(Excerpts from a dataset)
○ ○ ○ ○ ○

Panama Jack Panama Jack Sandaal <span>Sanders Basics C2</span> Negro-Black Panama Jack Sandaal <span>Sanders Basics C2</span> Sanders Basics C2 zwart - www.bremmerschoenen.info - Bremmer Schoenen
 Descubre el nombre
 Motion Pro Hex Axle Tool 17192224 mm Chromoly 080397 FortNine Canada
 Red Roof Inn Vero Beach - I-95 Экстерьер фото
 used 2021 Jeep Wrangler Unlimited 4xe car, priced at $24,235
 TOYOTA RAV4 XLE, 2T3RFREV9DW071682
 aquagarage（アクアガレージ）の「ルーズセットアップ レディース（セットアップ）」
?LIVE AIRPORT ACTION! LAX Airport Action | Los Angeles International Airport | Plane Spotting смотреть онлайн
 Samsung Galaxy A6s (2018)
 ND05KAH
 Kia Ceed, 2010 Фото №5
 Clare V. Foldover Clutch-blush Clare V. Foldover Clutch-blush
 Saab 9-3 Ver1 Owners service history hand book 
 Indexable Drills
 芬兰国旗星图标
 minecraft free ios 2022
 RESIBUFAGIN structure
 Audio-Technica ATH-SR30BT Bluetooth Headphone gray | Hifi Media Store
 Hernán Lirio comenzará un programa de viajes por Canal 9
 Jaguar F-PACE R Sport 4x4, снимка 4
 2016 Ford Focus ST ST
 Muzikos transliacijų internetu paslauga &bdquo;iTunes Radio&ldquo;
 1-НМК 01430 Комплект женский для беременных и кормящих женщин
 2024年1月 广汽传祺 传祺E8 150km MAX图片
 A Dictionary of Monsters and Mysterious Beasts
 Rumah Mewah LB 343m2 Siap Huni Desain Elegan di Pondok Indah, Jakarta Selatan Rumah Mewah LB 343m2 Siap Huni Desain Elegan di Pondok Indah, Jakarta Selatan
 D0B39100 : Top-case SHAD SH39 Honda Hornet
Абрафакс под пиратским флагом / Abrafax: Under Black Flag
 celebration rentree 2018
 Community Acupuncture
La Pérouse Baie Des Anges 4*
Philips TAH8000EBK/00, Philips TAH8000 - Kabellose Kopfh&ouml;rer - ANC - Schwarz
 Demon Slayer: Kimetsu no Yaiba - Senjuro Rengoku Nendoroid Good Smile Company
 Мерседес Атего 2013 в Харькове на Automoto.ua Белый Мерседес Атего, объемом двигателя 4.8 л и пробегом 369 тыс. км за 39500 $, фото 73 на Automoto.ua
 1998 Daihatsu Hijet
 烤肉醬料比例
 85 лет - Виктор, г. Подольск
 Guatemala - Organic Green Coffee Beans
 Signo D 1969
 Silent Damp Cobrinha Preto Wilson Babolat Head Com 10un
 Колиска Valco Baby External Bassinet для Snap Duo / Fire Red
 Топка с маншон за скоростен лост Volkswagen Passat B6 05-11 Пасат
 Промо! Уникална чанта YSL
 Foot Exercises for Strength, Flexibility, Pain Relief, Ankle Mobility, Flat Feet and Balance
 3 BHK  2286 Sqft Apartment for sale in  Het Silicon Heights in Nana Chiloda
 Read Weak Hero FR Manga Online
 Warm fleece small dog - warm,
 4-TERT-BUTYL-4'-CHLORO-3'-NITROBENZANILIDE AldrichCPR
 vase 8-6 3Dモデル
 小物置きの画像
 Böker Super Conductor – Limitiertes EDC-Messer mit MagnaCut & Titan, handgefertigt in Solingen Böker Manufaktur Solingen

○ ○ ○ ○ ○

- _WHAT THE TASK ASKS_
Pull every line that holds the string "Black" out of the records.

- _ANSWER SPACE_
Panama Jack Panama Jack Sandaal <span>Sanders Basics C2</span> Negro-Black Panama Jack Sandaal <span>Sanders Basics C2</span> Sanders Basics C2 zwart - www.bremmerschoenen.info - Bremmer Schoenen
Абрафакс под пиратским флагом / Abrafax: Under Black Flag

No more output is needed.